Things to do onboard Quantum range from the typical cruise ship lineup of bingo, trivia, dance class to the athletic and adventurous such as the Royal Escape Room and Ripcord by iFly skydiving. A partial rundown of the week’s activities in the SeaPlex includes laser tag, 3-on-3 basketball, table tennis tournaments, pickleball, soccer, and of course, bumper cars. Scavenger hunts originating in The Music Hall are a daily treat and Casino Royale hosts learn-to-play gaming lessons as well as poker, blackjack, and slot tournaments on sea days.
Both the Cruise Compass paper delivered daily to your stateroom and the Royal App have detailed lists of activities scheduled each day. The app will even allow you to schedule activities, then alert you when you have something planned.

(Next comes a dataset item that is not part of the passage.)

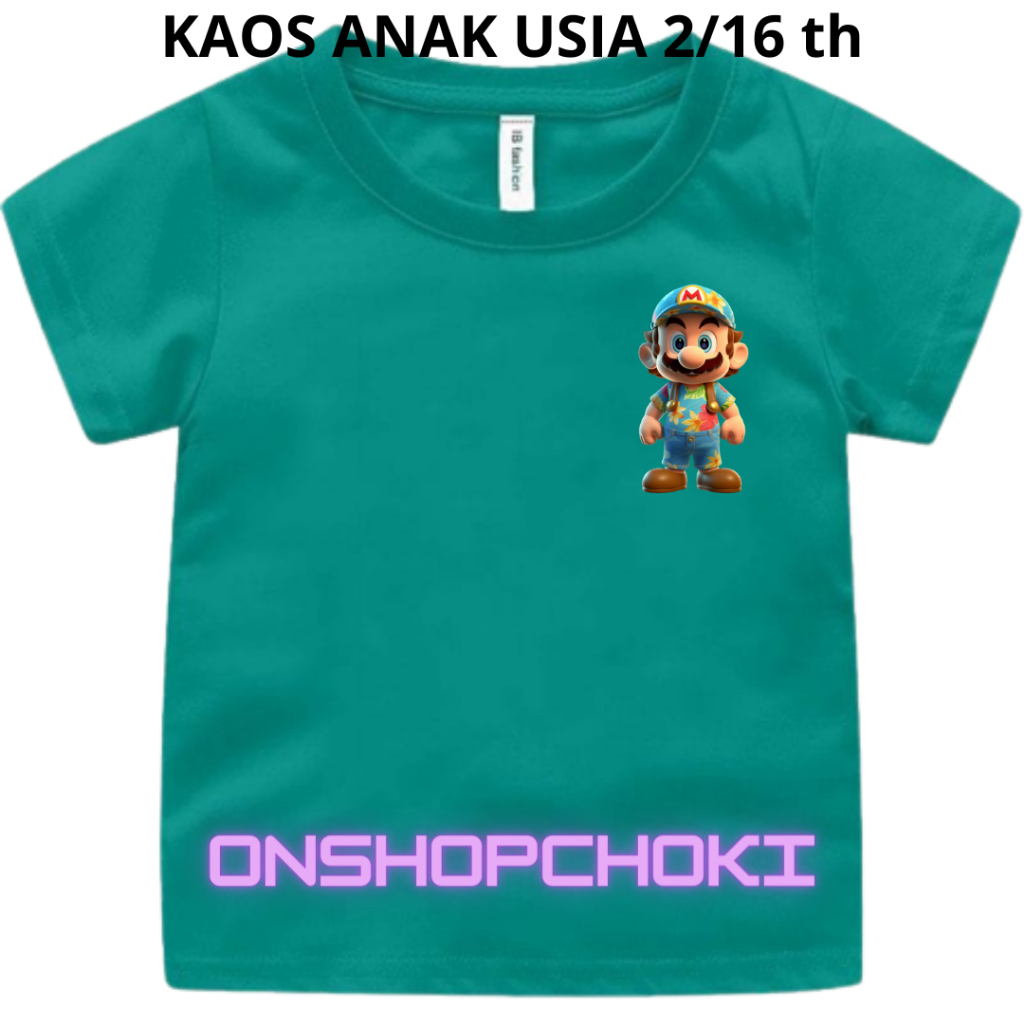 Kaos anak Laki Laki Unisex Gambar MAR usia 2-16 th Kaos Oblong anak pakaian anak-anak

The nightlife onboard Quantum of the Seas offers those who want to party long into the night every opportunity to do so. From live music and dancing at The Music Hall to karaoke at Boleros, it’s easy to find what suits you.
Casino Royale has a good selection of table games and slot machines, though on our sailing, some of the action was still in the process of being swapped out from Chinese games to English equipment. A casino host is there to answer questions about any of the games, host prize giveaways among slot players, and is particularly helpful about the line’s casino loyalty program.

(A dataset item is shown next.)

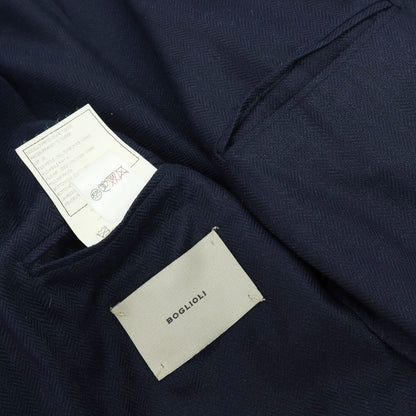 【中古】ボリオリ BOGLIOLI DOVER シルク 3B テーラードジャケット ネイビー【 48 】【 状態ランクC 】【 メンズ 】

Quantum’s bars and lounges come in two basic varieties: those that are tucked into a strategic corner where you might want a drink or a place to sit and chat with a friend, and “destination” spots where you go looking for entertainment or dancing.

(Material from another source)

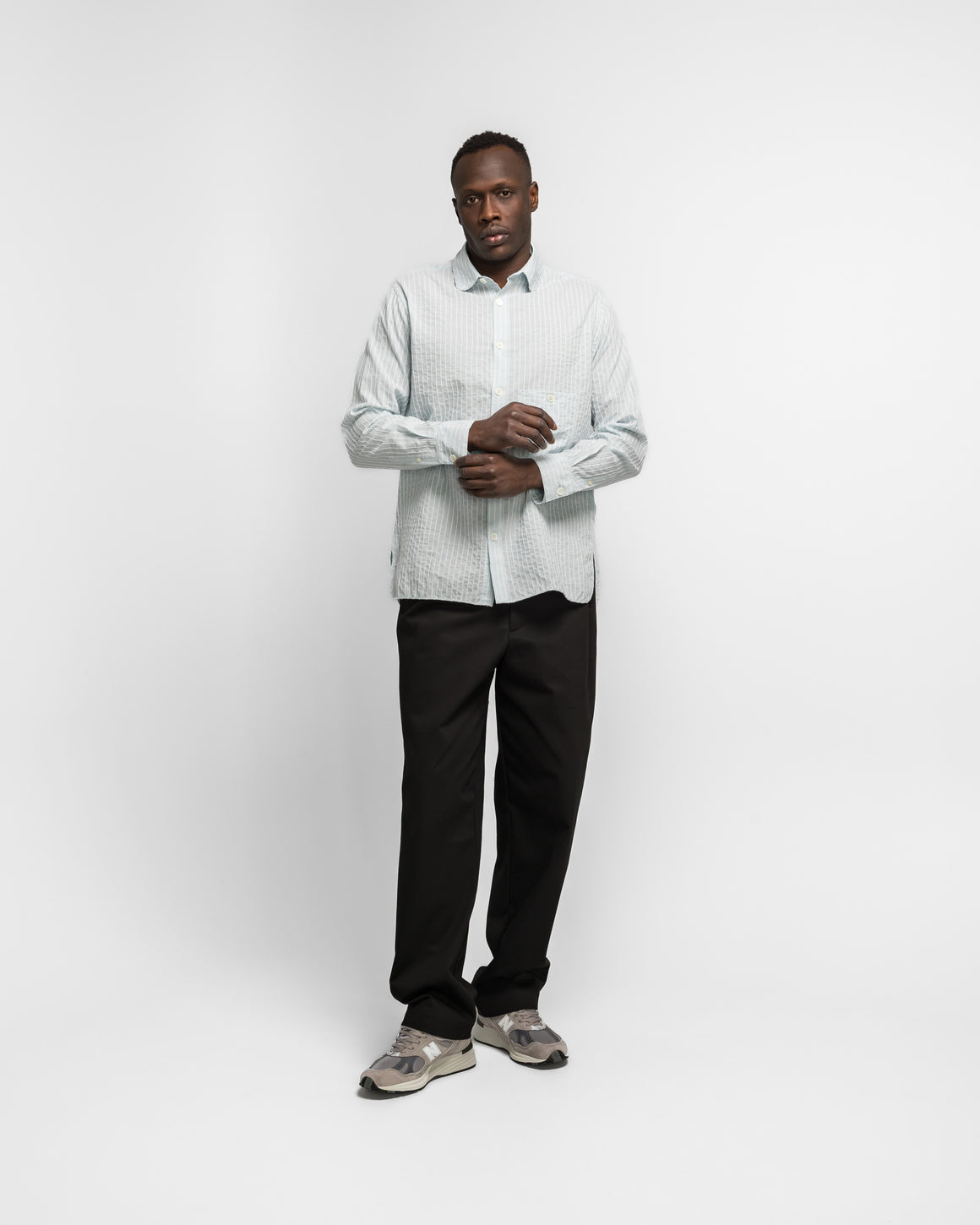 Dudley Coppice - Gardeners Shirt - Boucle Cloud Stripe - UP THERE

In the center of the action: We loved Boleros. It’s the kind of spot where a crowd gathers at the door to catch glimpses of an amazing Karaoke singer, or where you might while away a sea day afternoon taking part in a cocktail tasting. We joined in on a Caribbean Drink tasting (yes, while sailing to Alaska) and had a fabulous learning experience. The bartender even let us shake the cocktail shaker.
The best place to get brain freeze: The Sunshine Bar inside the Solarium has a blender, and they know how to use it. Ask for a BBC (Bailey’s Banana Colada), then avoid the brain freeze by drinking it in one of the Solarium’s double hot tubs with a perfect forward view as the ship sails to its next port.
For tech lovers: Bionic Bar on Deck 5 is worth stopping by, even if only for a selfie. Most passengers just call it the "robot bar" because it features two robot bartenders that mix drinks via orders from passengers made on tablets. A digital display shows the wait times for drinks, who has ordered what and which ingredients go in each cocktail. It's a lot of fun to watch, but it's really more of a novelty.
If you wanna pretend you’re in Nashville or Austin: The eclectic décor inside the multi-story venue called The Music Hall transports you to your favorite music city. Add a live band on stage, a few couples on the dance floor and you might forget you’re even on a cruise ship. Oh, and you can shoot a game of pool in the back room -- on pool tables designed to level themselves on rough seas. Yes, really.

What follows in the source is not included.